Hey guys im confused my comeputer passes required specs for world of warcraft yet i get some bad fps
on http://www.systemrequirementslab.com/referrer/srtest it gives you a list of games you pick and it tells you if you will lag and my is the best it can go and i lag
i have 
CPU: 2 processors running - Intel(R) Pentium(R) D CPU 2.80GHz 
CPU Speed: 2.80 GHz Performance Rated at 5.04 GHz 
System RAM:1.55 GB 
Operating System
Microsoft Windows Vista Home Premium Edition, 32-bit (Build Service Pack 16001) 
Video Card
:NVIDIA GeForce 7300 GT (GeForce 7300 GT)


----------



## koala (Mar 27, 2005)

You've overclocked the CPUs from 1.4 to 3.1GHz? Wow! What method did you use to overclock? Are the ratios good?

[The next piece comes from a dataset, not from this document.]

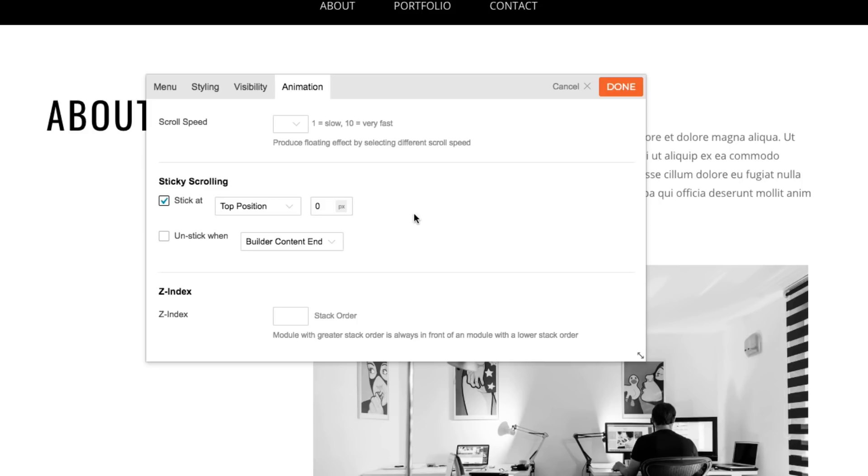Then, I'm going to leave the unstick when checkbox unchecked. This will leave it sticky as I scroll through the entire page.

What kind of PSU and cooling system do you have? Are your voltages stable? What temperatures do you get at idle and during gameplay?


EDIT: I've merged your 2 threads because they're probably both related to the overclock. Have you tried running at default speeds and default BIOS settings?


----------



## garettrules (Jul 8, 2008)

Well aculey on other sites now it says CPU: 2 processors running - Intel(R) Pentium(R) D CPU 2.80GHz CPU Speed: 2.80 GHz Performance Rated at 5.04 GHz so 5.04 ghz lol but i have my pc when you goto controll panel then there a thing called performance i go to that then adjusted the power setting to max performance and i have the visuals on max performance and where can i check voltage stables,temp, and PSU cooling


----------



## garettrules (Jul 8, 2008)

Anyone know how to put it back to basic?


----------



## Aus_Karlos (Mar 10, 2007)

Clear the CMOS via the jumper on your Motherboard. Read your motherboard's manual to locate the jumper.


----------